---------- Exercise data ----------
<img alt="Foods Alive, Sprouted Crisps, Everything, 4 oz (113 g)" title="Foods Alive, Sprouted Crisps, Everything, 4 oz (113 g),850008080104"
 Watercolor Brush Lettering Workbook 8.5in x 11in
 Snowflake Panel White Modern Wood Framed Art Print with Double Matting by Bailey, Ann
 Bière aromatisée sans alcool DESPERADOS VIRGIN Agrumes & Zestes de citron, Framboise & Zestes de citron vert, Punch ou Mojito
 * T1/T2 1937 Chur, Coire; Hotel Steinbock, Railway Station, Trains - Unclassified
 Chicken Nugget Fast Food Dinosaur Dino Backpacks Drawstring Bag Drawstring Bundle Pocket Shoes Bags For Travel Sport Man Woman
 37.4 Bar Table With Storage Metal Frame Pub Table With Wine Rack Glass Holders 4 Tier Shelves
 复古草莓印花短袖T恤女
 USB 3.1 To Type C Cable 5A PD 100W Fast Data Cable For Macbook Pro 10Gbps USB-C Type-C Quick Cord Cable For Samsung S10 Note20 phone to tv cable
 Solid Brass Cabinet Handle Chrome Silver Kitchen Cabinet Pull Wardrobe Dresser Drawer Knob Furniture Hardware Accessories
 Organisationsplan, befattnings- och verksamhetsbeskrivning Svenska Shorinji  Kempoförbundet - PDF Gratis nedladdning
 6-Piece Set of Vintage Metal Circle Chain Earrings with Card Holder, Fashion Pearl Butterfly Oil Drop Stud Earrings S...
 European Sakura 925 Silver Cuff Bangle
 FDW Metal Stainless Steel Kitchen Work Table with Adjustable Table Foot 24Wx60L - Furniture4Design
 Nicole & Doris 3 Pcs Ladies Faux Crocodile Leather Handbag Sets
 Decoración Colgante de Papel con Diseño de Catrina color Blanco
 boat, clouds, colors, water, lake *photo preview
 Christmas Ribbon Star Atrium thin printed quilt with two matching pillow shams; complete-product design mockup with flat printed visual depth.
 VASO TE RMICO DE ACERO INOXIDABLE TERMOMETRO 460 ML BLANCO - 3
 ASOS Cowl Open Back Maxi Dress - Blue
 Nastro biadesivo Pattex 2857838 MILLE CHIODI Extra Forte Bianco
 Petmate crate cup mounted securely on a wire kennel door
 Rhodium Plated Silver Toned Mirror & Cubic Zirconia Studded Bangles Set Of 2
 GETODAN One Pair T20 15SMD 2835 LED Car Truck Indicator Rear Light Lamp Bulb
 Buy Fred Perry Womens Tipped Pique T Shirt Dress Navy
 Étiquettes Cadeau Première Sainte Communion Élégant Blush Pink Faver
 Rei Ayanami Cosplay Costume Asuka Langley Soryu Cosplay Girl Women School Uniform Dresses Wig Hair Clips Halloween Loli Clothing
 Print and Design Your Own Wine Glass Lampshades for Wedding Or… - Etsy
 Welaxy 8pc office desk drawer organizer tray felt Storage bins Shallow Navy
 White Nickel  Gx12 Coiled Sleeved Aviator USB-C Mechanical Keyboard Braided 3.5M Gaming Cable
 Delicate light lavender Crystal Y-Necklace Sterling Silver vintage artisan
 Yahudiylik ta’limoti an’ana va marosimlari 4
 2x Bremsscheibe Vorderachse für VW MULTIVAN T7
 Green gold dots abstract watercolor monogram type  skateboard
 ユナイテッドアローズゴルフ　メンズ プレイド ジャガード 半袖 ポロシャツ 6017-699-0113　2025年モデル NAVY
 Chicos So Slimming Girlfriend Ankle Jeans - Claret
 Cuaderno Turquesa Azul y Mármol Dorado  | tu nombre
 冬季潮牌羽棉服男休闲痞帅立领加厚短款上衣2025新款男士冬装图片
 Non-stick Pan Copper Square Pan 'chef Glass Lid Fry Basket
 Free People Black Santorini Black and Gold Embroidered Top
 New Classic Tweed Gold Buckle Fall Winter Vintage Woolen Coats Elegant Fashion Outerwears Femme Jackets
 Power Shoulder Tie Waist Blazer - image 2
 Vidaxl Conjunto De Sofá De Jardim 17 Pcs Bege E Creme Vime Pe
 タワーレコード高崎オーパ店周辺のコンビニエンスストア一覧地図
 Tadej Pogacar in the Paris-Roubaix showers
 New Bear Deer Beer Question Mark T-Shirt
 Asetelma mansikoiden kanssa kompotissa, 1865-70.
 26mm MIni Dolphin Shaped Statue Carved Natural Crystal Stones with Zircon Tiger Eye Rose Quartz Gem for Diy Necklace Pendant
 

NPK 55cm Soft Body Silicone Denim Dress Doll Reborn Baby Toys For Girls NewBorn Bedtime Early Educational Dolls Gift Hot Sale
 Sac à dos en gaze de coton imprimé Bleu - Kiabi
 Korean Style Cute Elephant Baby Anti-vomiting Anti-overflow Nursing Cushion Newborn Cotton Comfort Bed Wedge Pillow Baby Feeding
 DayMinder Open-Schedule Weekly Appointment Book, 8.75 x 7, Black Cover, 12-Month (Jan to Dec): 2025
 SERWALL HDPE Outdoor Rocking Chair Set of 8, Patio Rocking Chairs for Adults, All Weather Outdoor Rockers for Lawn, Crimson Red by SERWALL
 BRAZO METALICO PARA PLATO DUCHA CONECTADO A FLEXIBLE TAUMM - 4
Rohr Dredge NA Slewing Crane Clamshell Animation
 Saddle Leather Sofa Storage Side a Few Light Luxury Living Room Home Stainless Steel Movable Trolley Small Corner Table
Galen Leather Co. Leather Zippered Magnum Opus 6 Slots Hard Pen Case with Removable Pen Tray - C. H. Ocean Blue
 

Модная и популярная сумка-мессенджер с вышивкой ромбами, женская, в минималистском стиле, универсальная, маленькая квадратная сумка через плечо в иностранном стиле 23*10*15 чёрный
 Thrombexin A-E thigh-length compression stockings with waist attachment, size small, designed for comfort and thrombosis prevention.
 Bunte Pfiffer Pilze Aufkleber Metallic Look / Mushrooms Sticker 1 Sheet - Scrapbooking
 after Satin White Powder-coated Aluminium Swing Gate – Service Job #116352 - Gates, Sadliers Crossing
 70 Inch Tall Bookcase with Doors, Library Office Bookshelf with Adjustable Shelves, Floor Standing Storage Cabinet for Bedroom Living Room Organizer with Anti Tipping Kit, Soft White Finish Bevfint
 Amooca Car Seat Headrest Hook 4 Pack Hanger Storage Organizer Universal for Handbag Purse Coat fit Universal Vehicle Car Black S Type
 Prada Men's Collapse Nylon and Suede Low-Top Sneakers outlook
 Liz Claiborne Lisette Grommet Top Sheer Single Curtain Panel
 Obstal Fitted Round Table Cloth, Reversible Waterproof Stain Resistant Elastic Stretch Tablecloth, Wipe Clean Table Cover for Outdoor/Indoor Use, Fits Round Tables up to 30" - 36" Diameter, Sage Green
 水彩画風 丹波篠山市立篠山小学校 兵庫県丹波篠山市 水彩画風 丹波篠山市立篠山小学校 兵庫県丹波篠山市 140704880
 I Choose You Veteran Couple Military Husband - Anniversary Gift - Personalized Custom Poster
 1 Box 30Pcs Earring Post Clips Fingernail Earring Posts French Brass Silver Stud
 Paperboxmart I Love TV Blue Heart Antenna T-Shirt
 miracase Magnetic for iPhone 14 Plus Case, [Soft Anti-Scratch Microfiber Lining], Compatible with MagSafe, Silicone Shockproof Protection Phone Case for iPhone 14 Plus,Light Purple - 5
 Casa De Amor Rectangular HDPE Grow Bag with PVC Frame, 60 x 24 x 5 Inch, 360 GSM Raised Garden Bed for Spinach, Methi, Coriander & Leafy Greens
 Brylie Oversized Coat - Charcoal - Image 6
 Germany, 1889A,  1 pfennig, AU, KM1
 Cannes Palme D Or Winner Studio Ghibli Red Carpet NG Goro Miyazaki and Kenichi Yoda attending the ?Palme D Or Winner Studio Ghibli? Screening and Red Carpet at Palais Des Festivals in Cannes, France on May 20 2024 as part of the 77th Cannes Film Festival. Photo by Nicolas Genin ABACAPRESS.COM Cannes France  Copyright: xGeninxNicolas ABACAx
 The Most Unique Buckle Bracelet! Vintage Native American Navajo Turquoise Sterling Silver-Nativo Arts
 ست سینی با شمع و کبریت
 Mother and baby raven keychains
----------
=== Problem statement ===
Every line of the listing that includes the word "Cabinet" belongs in the answer.

=== Solution for this problem ===
 Solid Brass Cabinet Handle Chrome Silver Kitchen Cabinet Pull Wardrobe Dresser Drawer Knob Furniture Hardware Accessories
 70 Inch Tall Bookcase with Doors, Library Office Bookshelf with Adjustable Shelves, Floor Standing Storage Cabinet for Bedroom Living Room Organizer with Anti Tipping Kit, Soft White Finish Bevfint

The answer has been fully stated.